» AVAILABLE DATA:
==================================================
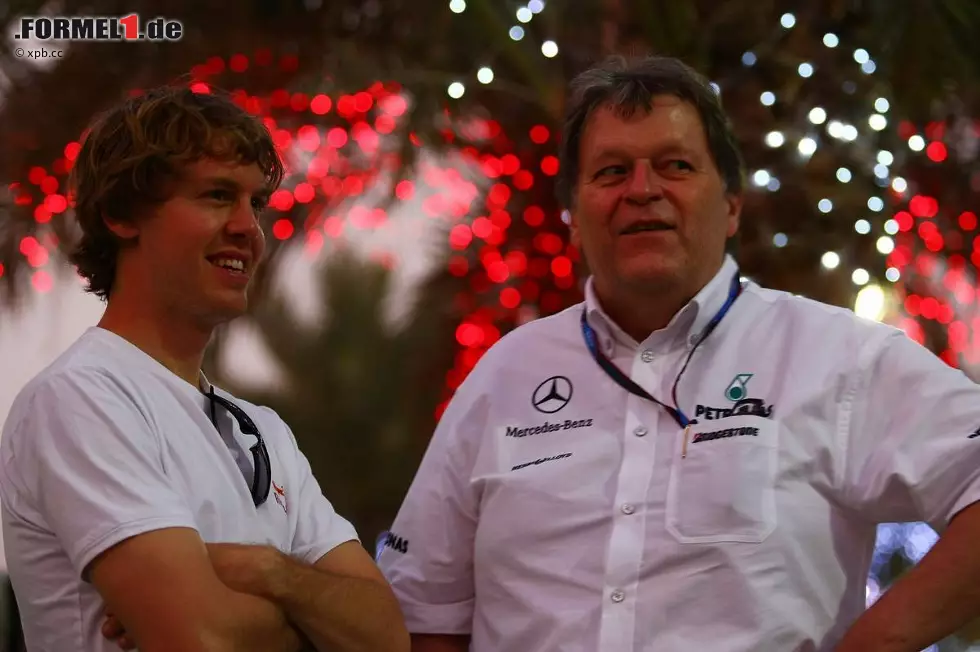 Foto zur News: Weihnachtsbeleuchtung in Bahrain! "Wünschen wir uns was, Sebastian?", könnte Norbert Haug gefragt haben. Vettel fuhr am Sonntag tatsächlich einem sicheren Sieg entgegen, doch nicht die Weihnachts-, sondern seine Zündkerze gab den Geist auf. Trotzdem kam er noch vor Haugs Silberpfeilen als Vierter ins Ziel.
==================================================
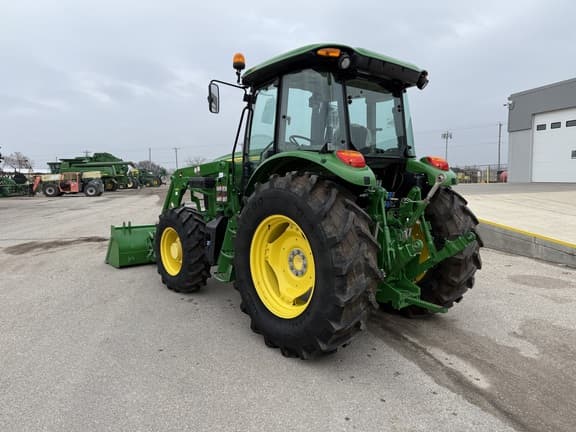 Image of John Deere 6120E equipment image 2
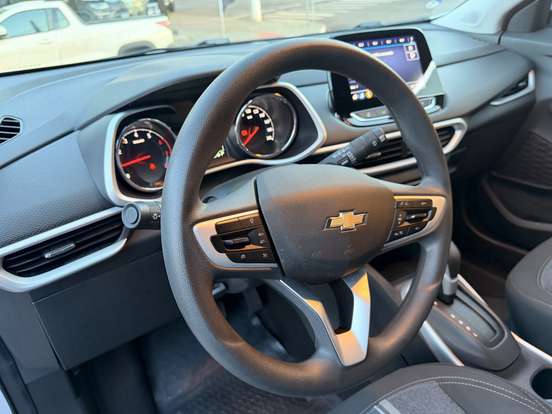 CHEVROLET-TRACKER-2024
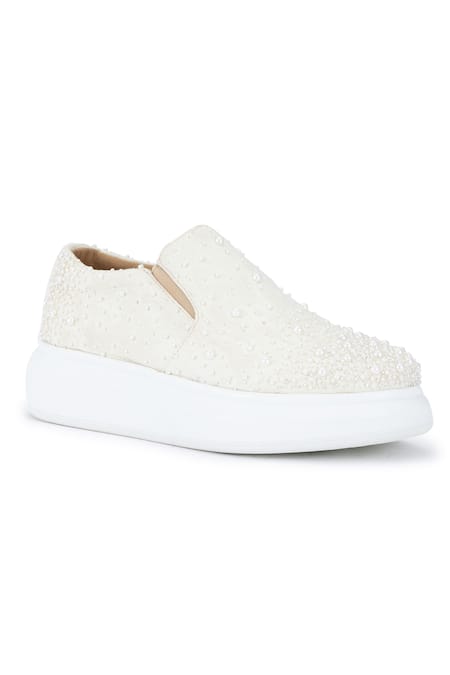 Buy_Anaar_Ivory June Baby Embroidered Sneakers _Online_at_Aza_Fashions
==================================================
Look above for the line with "CHEVROLET-TRACKER-2024"; quote it and every line after it, stopping after the line with "Buy_Anaar_Ivory June Baby", exactly, with nothing added and without pictures.

» TASK OUTPUT:
 CHEVROLET-TRACKER-2024
 Buy_Anaar_Ivory June Baby Embroidered Sneakers _Online_at_Aza_Fashions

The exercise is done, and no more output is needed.